Стояла осень 1978 года, когда, по всей видимости, не по летам взрослым девочкам-подросткам из невадских пригородов было еще позволительно не смыслить в некоторых вещах, – даже если они протанцевали четыре или пять месяцев в стрип-клубе. Энджи забила в чемодане все место, оставшееся после плюшевого мишки, собрала все деньги вплоть до последнего пенни, которых как раз хватило на авиабилет и такси от аэропорта Кеннеди до отеля «Хилтон» на Шестой авеню, зарегистрировалась в отеле под именем Энджи Каи и поселилась в номере, куда вызвала коридорного и в восторге подписала счет, опрометчиво решив, что его оплатит Карнеги-Холл. Когда в одиннадцать часов вечера зазвонил телефон, то это оказался не Карнеги-Холл, а тот самый финансист, звонивший из вестибюля гостиницы. Он объяснил, что с прослушиванием «все устроено», оно назначено на завтрашний день, и, может быть, ему стоило бы подняться к ней в номер и кое-что объяснить, просто чтобы все хорошо прошло. Когда он повесил трубку, Энджи, смыслила она что-то или нет, наконец почувствовала, что вся эта ситуация не так уж и распрекрасна. Она пыталась прогнать это чувство, когда в дверях показался старик с бутылкой шампанского.
Через двадцать минут она завизжала достаточно убедительно, чтобы полураздетый покровитель искусств поскорее ретировался в коридор и уволок за собой ее неприкрытое разочарование.

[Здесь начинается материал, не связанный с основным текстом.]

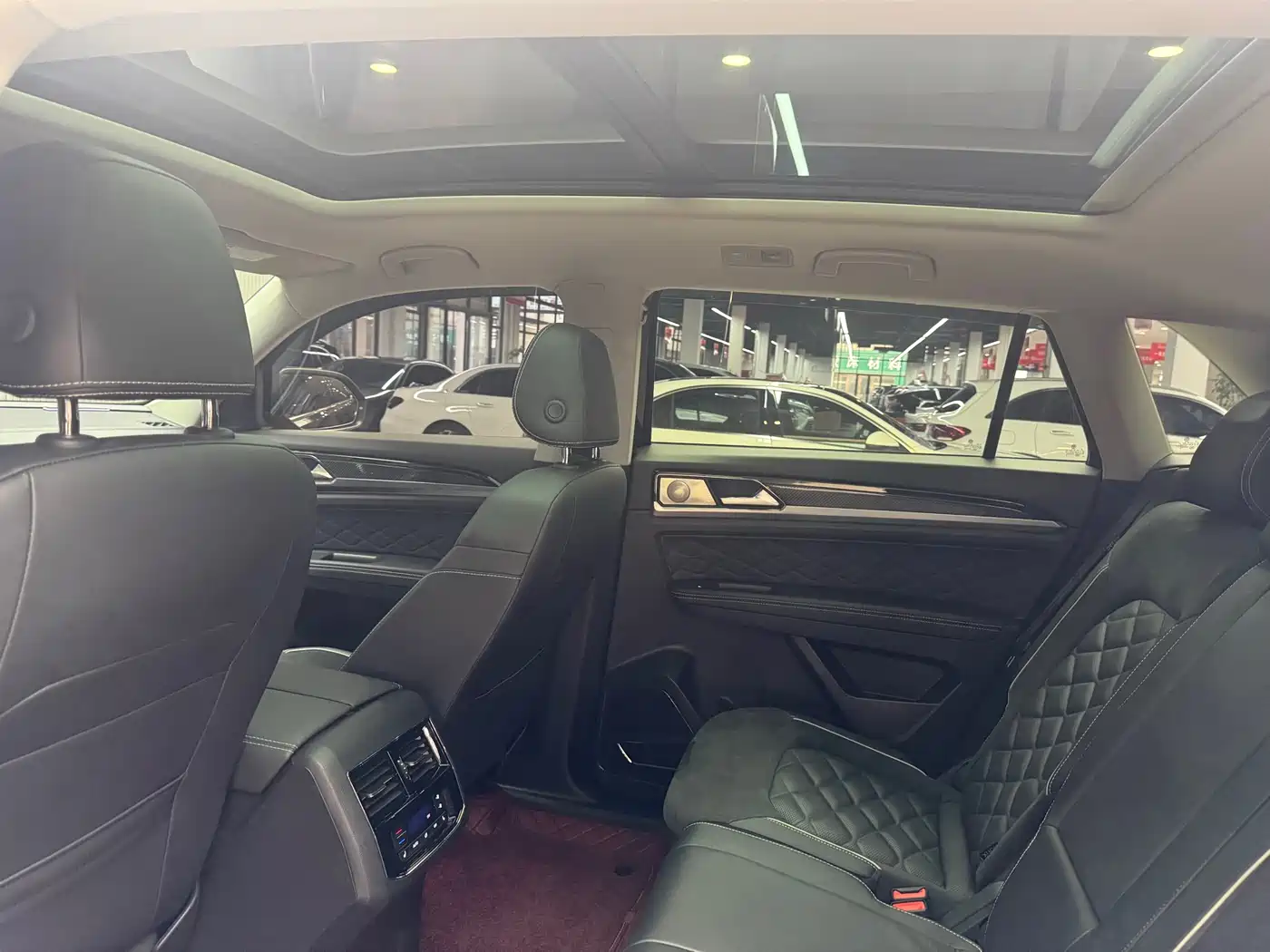 Volkswagen Teramont 2020 Teramont X 380TSI 4WD Premium Luxury фото 17
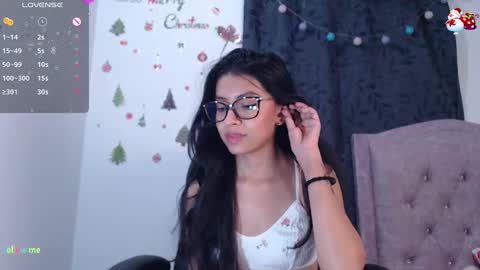 Ella Amoneth online show from 12.30.24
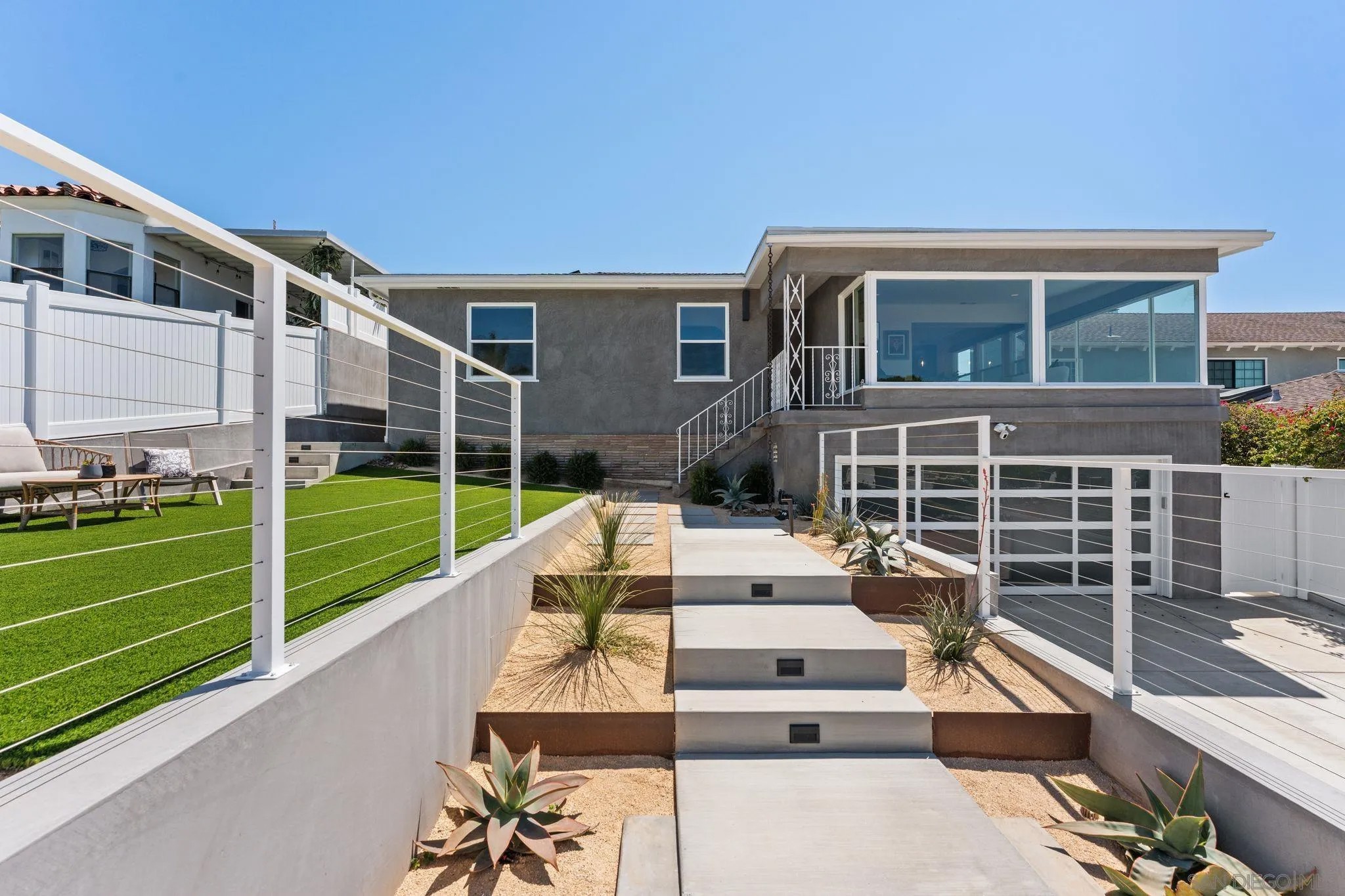 4483 Saratoga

– Господи, Саки, – проговорила она, сидя в номере перед зеркалом и разглядывая себя. Какую табличку прочитала бы она на двери своей спальни, узнай обо всем отец? Вот тогда-то Энджи и начала писать стенографические отчеты о своем разбитом сердце: «Позорная. Отвратительная. Унизительная. Пропащая». Десять лет спустя, когда она снова увидит табличку на двери, она обнаружит, что неплохо знала своего отца.
Денег у нее не было. Остававшуюся надежду на то, что удастся протянуть еще ночь-две в отеле, разбил утренним звонком менеджер.
– Нас только что известили, – сообщил он, – что джентльмен, внесший деньги за первую ночь вашего пребывания в отеле, за вторую платить не будет. – Пауза. – Как вы желаете рассчитываться?
В потрясении она таскала свой чемодан туда-сюда по Шестой авеню, даже к Карнеги-Холлу, где задержалась на тротуаре в смелой надежде, что, может быть, в конце концов прослушивание все-таки было назначено. Всю ночь она провела в метаниях с одной темной и опасной улицы на другую, потихоньку бросая вещи, пока не остался только мишка. К утру следующего дня она проголодалась и измучилась, к утру третьего дня отчаялась и пришла в ужас. К вечеру третьего дня она получила сорок долларов за то, о чем потом никогда не хотела говорить или вспоминать. К вечеру четвертого дня от сорока долларов осталось ровно столько, чтобы поужинать – бутылкой крем-соды и упаковкой снотворного, которое продавалось без рецепта. Когда Энджи проснулась, голова ее гудела от боли, а живот скручивало оттого, что из него выкачивали содержимое, и она уже не была уверена, четвертый это день или пятый. Она лежала в нищенской палате окружной больницы, которую другой человек мог бы со всем основанием счесть камерой ужасов. Но в постели, с крышей над головой, с пищей на подносе, которую, по самым низким стандартам, можно было счесть почти съедобной, она была так же счастлива, как была бы в любом другом месте, раз уж единственная оставленная ей возможность была – жить.
40
Имеется в виду, конечно же, «Angle», песня Rolling Stones с альбома «Goat's Head Soup» (1973).